Ese el turismo que le gusta a Samuel, y no el que se está viendo por el barrio, y cree que, a la larga, se puede generar un conflicto turismofóbico como pasa en Barcelona. «Haría falta activar otros ejes, que no sólo sea pasar por la Carrera del Darro, la Cuesta del Chapiz y bajar. A los negocios les va bien, pero al vecino autóctono no tanto», explica. Era difícil encontrar a algún vecino con ADN albaicinero. Una señora mayor, ligeramente encorvada, zapatillas de casa, y que sacaba a pasear sus tres perros a la Plaza de la Victoria era candidata. «I’m on holiday», acertó a decir con un cerrado acento, seguramente de Limerick.
También con sus perros y una camada de nueve cachorros en la mochila de María del Mar (46 años), Joaquín (53) arrastra un carrito de la compra y varias bolsas de deporte: se van del barrio. «Creo que hay riesgo de ‘turismofobia’. En 2-3 años ha subido mucho el precio de las casas, cada vez hay más pisos turísticos, y esto tiene que ser albaicinero. Si es para los turistas, se perderá el barrio».

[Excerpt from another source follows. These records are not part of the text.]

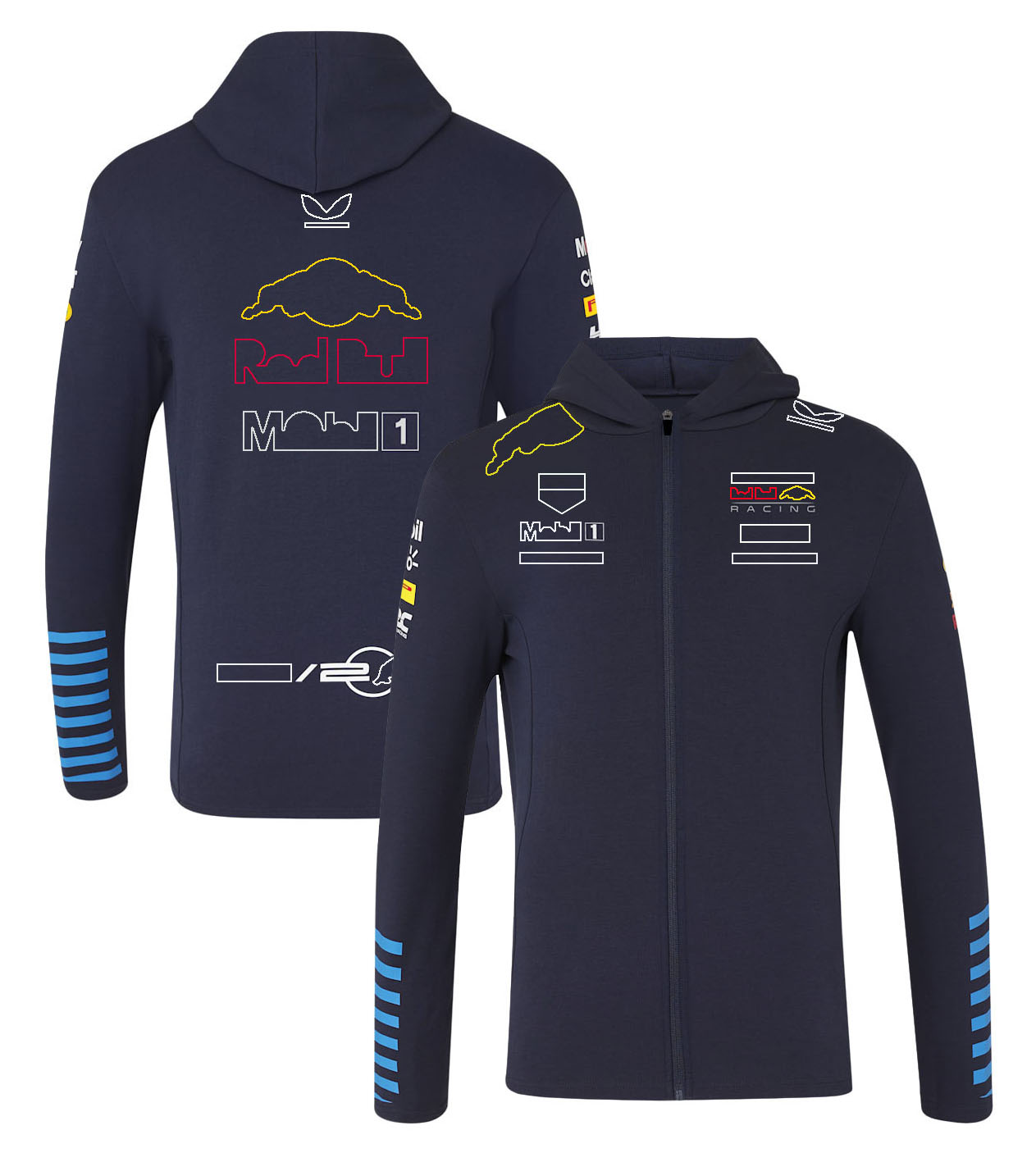 2024 F1 Team Sweat à capuche Formule 1 Racing Sweat à capuche zippé sur toute la longueur Pilote Fans Sweat-shirt à demi-zip Veste coupe-vent pour hommes Pull à capuche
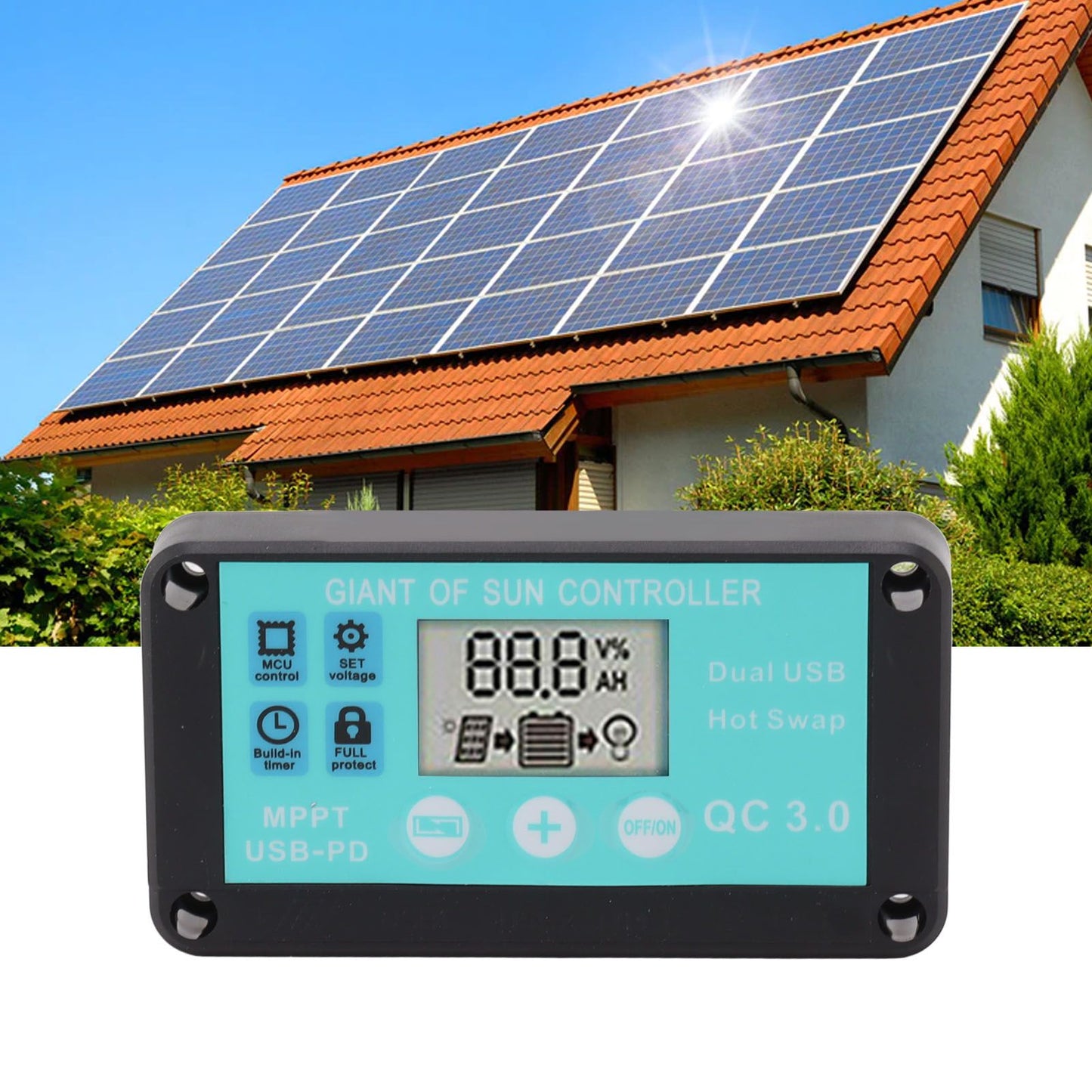 Solar Charge Controller Dual USB Output Fast Charging Solar Panel Regulator 12V/24V for Household Industry 30A V1294-YM0521-3114230012212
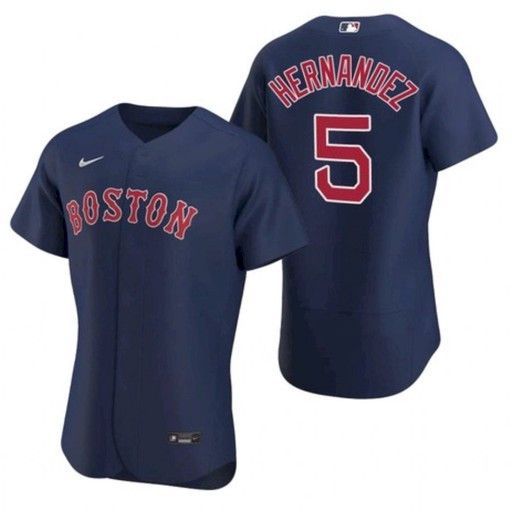 Personalized Men Boston Red Sox #5 Enrique Hernandez Navy Flexbase Jersey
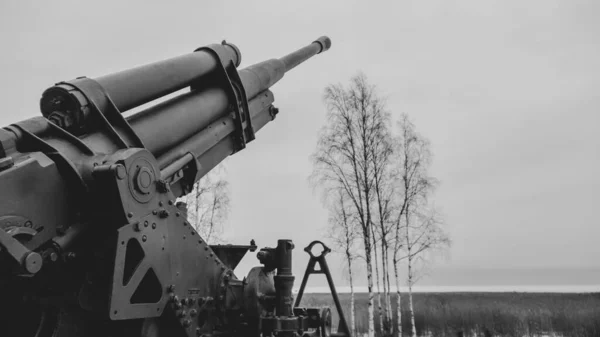 Artillery Cannon Monument Ancient Howitzer Black White — Φωτογραφία Αρχείου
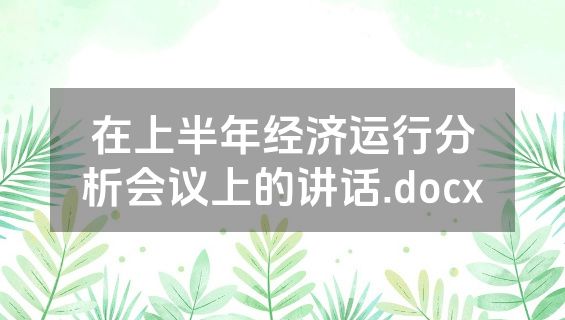 在上半年经济运行分析会议上的讲话.docx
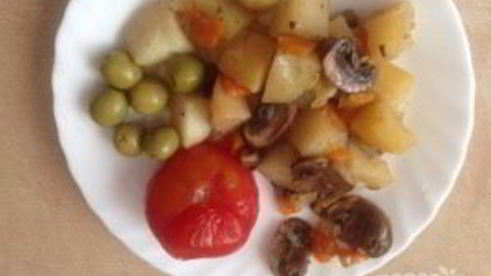 картофель с грибами в рукаве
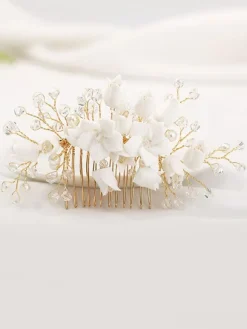 Accessoires de cheveux de mariée en métal peigne de casque de mariage à la main
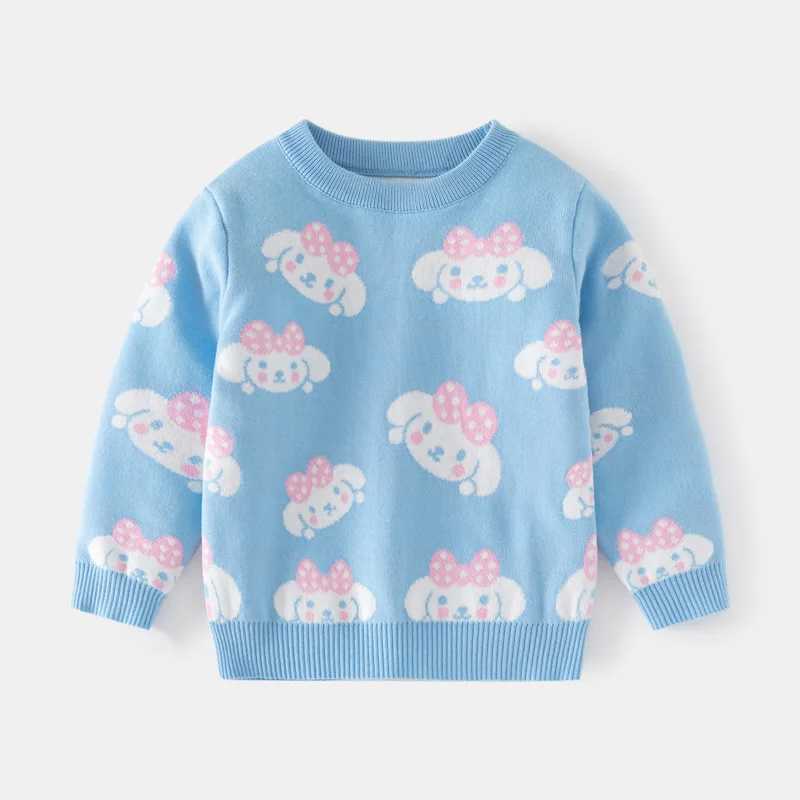 Childrens clothing double-layer cotton thread thick girls sweater Korean version rabbit jacquard childrens knitted girls sweaterW240824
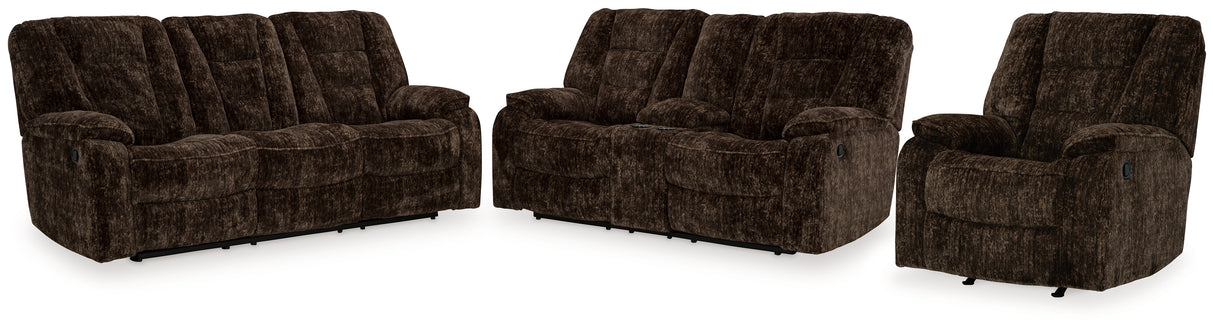 Soundwave Sofa, Loveseat and Recliner in Chocolate - PKG015549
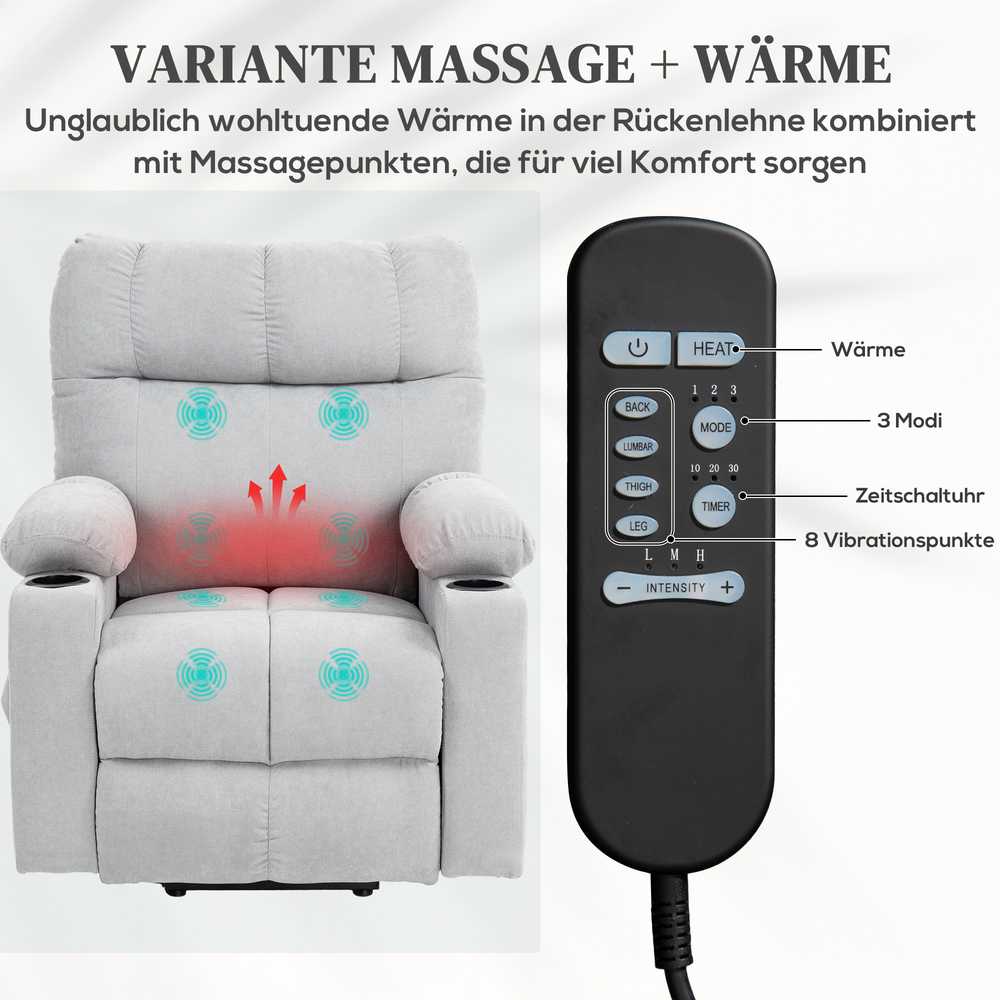 HOMCOM fotelis su atsistojimo funkcija, elektrinis masažinis krėslas, TV krėslas su šildymu, šviesiai pilkas, 91 x 95 x 109 cm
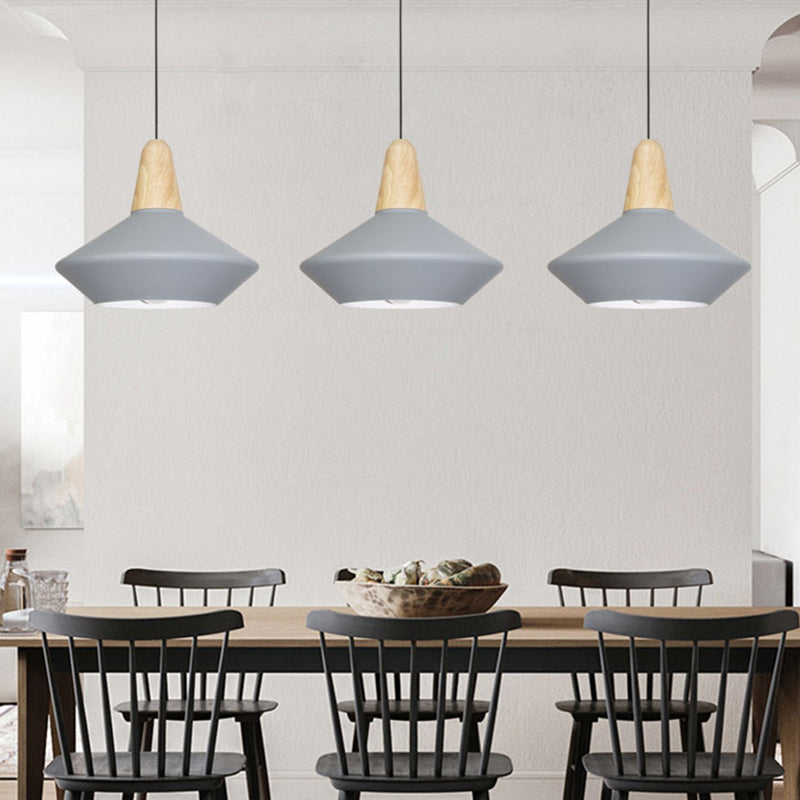 Modernist Metal Urn Pendant Light - Blue/Grey Ideal For Dining Room 1 Bulb Ceiling Suspension Lamp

Vivir en el Albaicín es goloso, pero complicado. Los cármenes que guardan todoterrenos de alta gama son la excepción y las generaciones pasan sin recambio estable. Ya no hay misas diarias en San Pedro y San Pablo, dice un vecino que no se quiere identificar. «En la calle Agua no se puede estar. Un día conté diez grupos de japoneses en media hora. Tampoco nos pueden poner un tren que haga del Albaicín un parque temático», se queja Alejandro, un monitor deportivo que aguardaba dentro del Centro Cívico.
Sin embargo, a Pepi no le pueden tocar el «turismo». Atiende el supermercado que su familia regenta desde hace cinco generaciones en la calle Panaderos con un bebé de mes y medio en un brazo y cobrando al cliente con el otro. Su hija acababa de irse para hacer una gestión y tenía que quedarse con la niña. Pero el negocio no para. Trabaja y vive a las puertas de la exultante Plaza Larga, que en primavera brilla en verde y encalado.
«Vivimos del turismo. Sin él, el Albaicín estaría muerto», afirma con la convicción de quien sujeta a su nieta, ensimismada con la camisa de cuadros que viste el redactor. «Pero tienen que cuidar a los comercios, que son los que dan vida. Sin ellos, el barrio dejará de ser el que es». Se refiere a la posibilidad de que se abra un gran supermercado o que los locales sean ocupados «por chinos». También falta policía de barrio, más seguridad y plazas de aparcamiento, desgrana mientras le fía un euro a un anciano que se marcha con su compra del día.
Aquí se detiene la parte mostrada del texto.